Assigned task:
Please copy, exactly and with no pictures, only the lines from the one containing "TV SHARP 32 inc + STB" through the last line of the records.

________

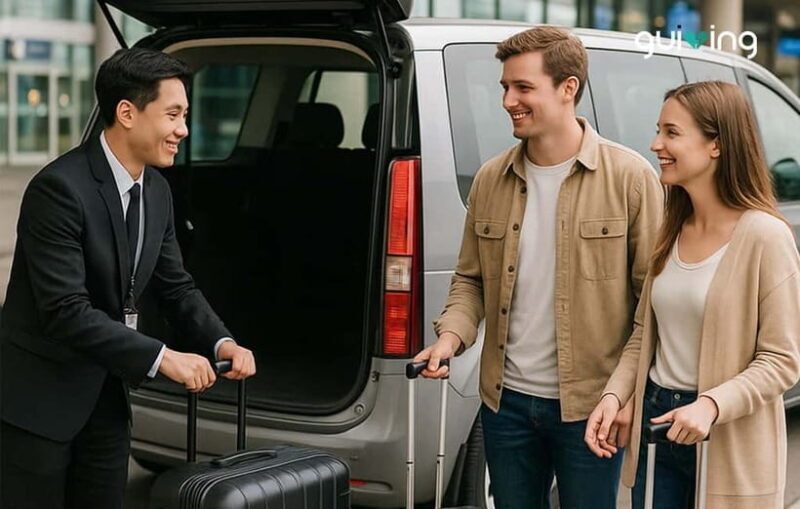 Seoul: From Airport to Hotel Check-in City Highlights Tour - Good To Know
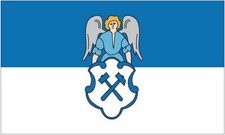 Fahne / Flagge Falkenstein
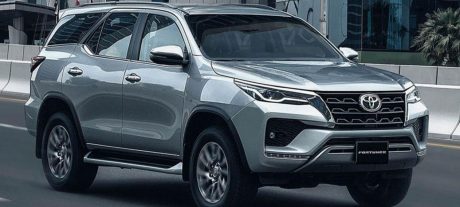 Fortuner Price in Pakistan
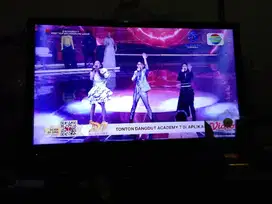 TV SHARP 32 inc + STB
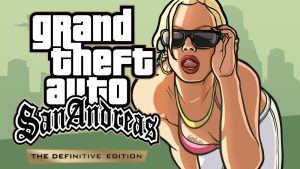 Grand Theft Auto: San Andreas - The Definitive Edition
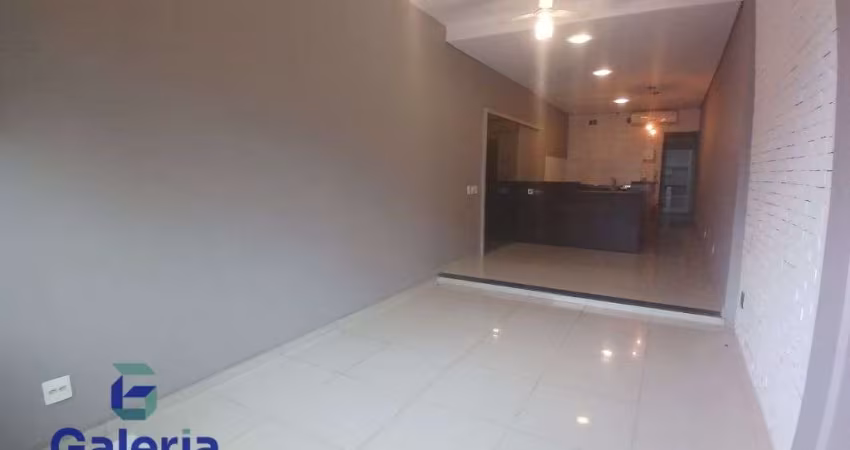 Salão comercial para alugar, 80m² - Vila Seixas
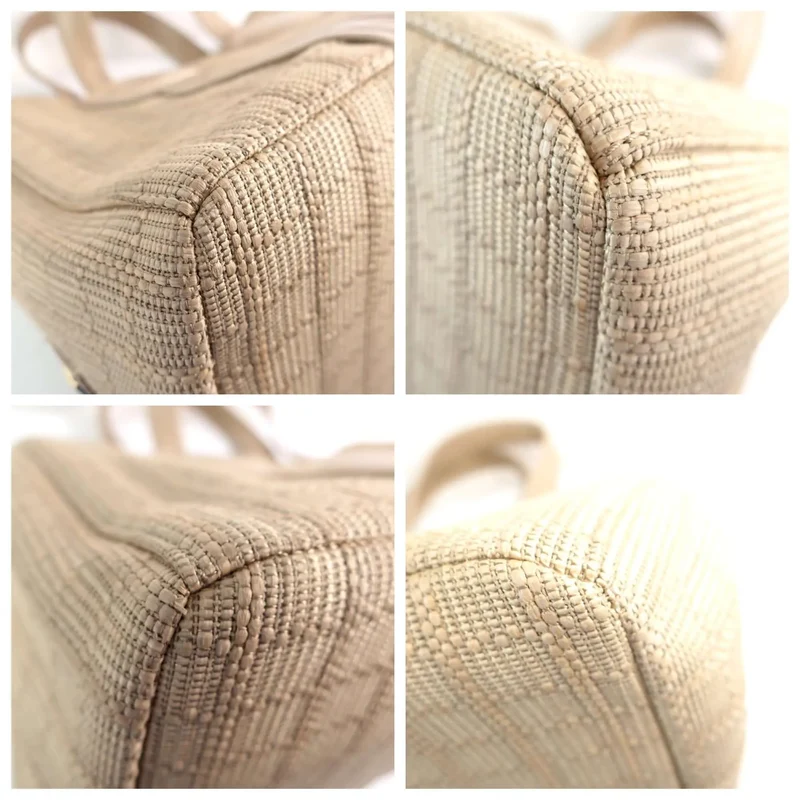 Max Mara Beige Weekend Bag
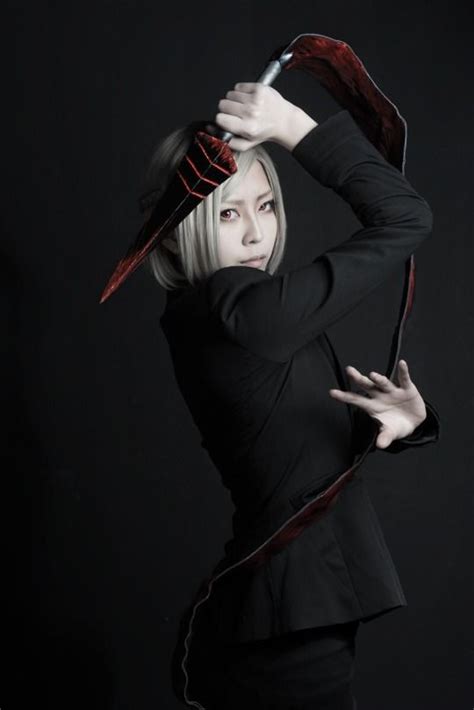 Akira Cosplay | Tokyo Ghoul Mado Tokyo Ghoul, Tokyo Ghoul Cosplay, Kaneki Ken, Best Cosplay ...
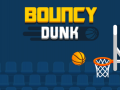 খেলা Bouncy Dunk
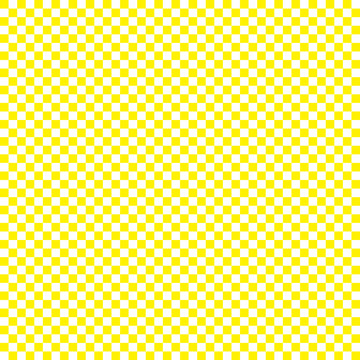 黄白格子无缝拼接图案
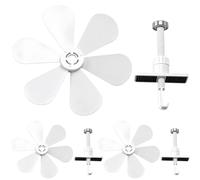 Ventilateur déflecteur de climatisation Diverteur universel réglable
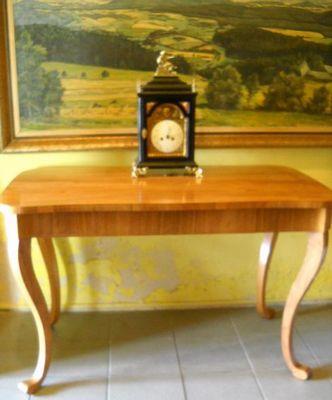 Velký stůl s šuplíkem, biedermaier, 1800 - 1850
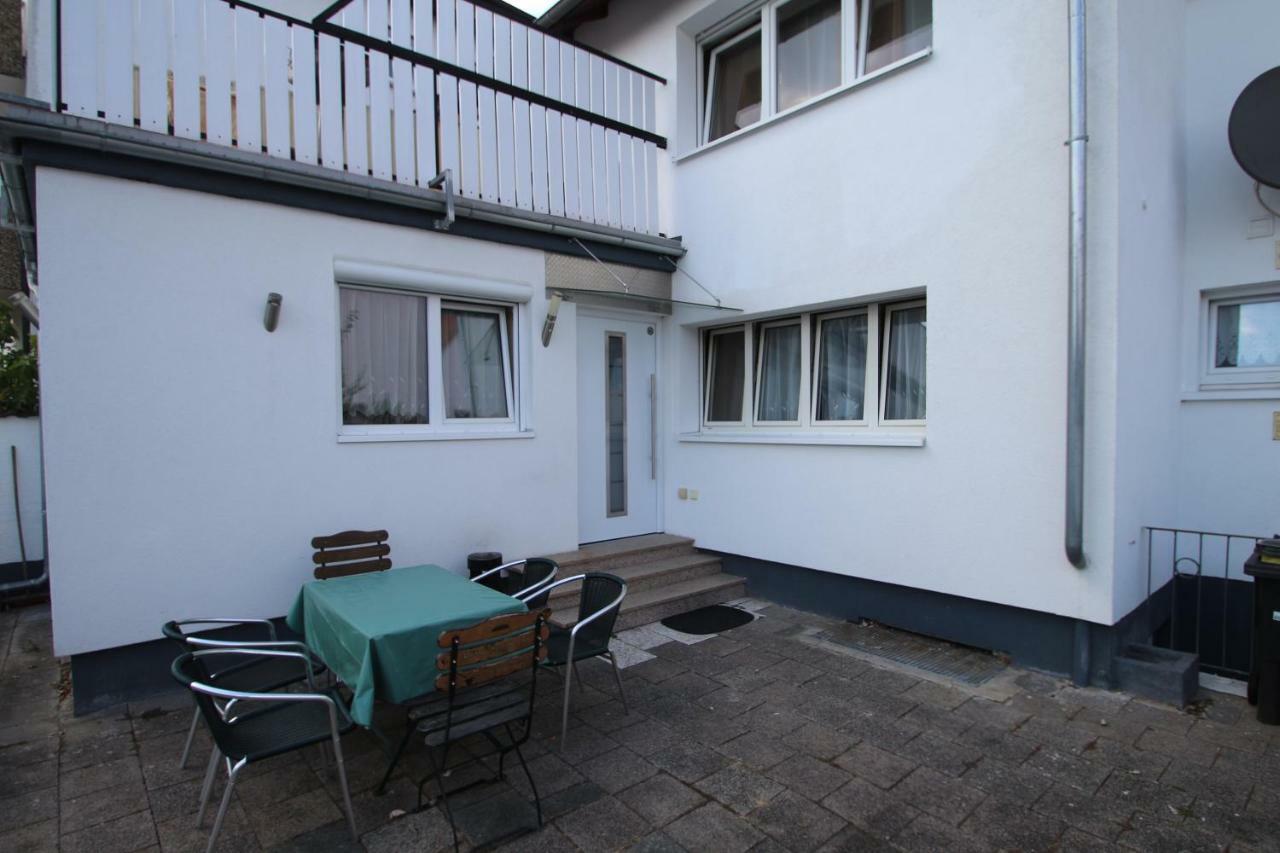 Exclusiv Apartment Roedermark 3 Schlafzimmer Buitenkant foto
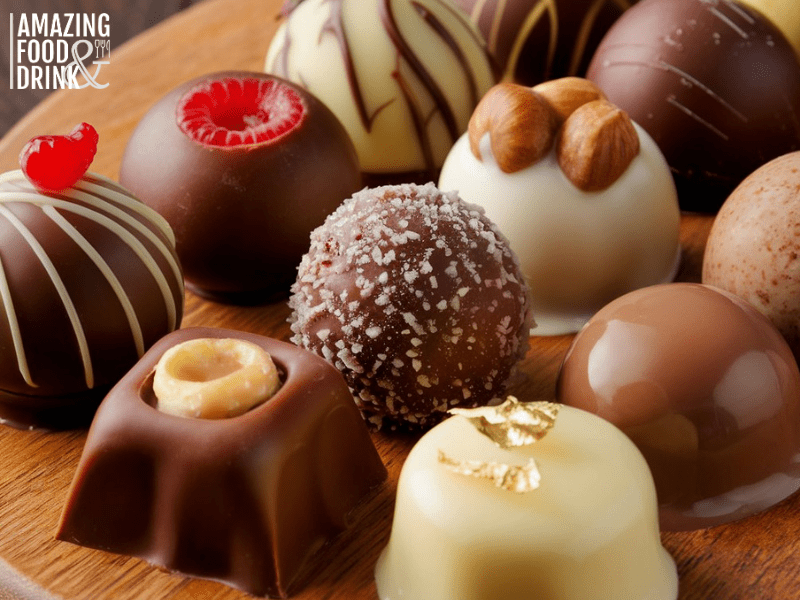 Discovering Chocolate in Belgium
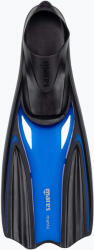 mares Manta Junior kék reflexes gyermek snorkel uszonyok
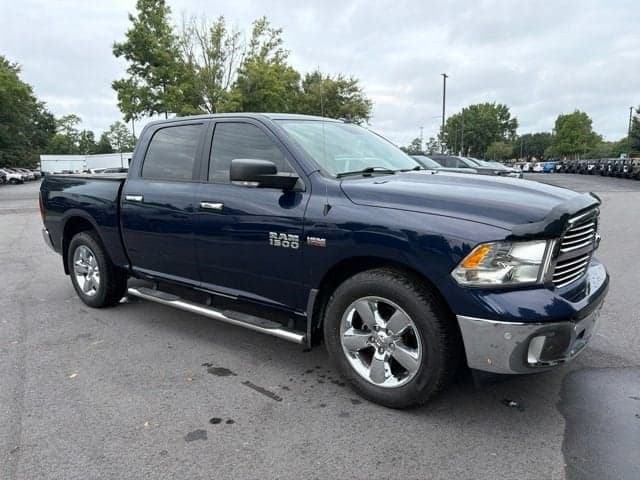 2018 RAM 1500 Big Horn — photo 1 of 27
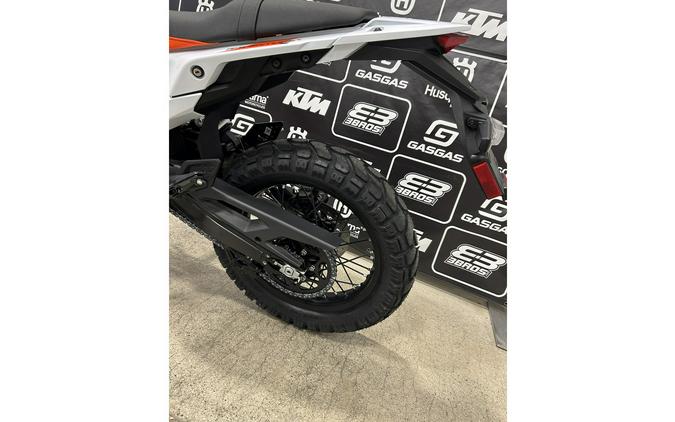 2026 KTM 390 Adventure R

________

Task result:
 TV SHARP 32 inc + STB
 Grand Theft Auto: San Andreas - The Definitive Edition
 Salão comercial para alugar, 80m² - Vila Seixas
 Max Mara Beige Weekend Bag
 Akira Cosplay | Tokyo Ghoul Mado Tokyo Ghoul, Tokyo Ghoul Cosplay, Kaneki Ken, Best Cosplay ...
 খেলা Bouncy Dunk
 黄白格子无缝拼接图案
 Ventilateur déflecteur de climatisation Diverteur universel réglable
 Velký stůl s šuplíkem, biedermaier, 1800 - 1850
 Exclusiv Apartment Roedermark 3 Schlafzimmer Buitenkant foto
 Discovering Chocolate in Belgium
 mares Manta Junior kék reflexes gyermek snorkel uszonyok
 2018 RAM 1500 Big Horn — photo 1 of 27
 2026 KTM 390 Adventure R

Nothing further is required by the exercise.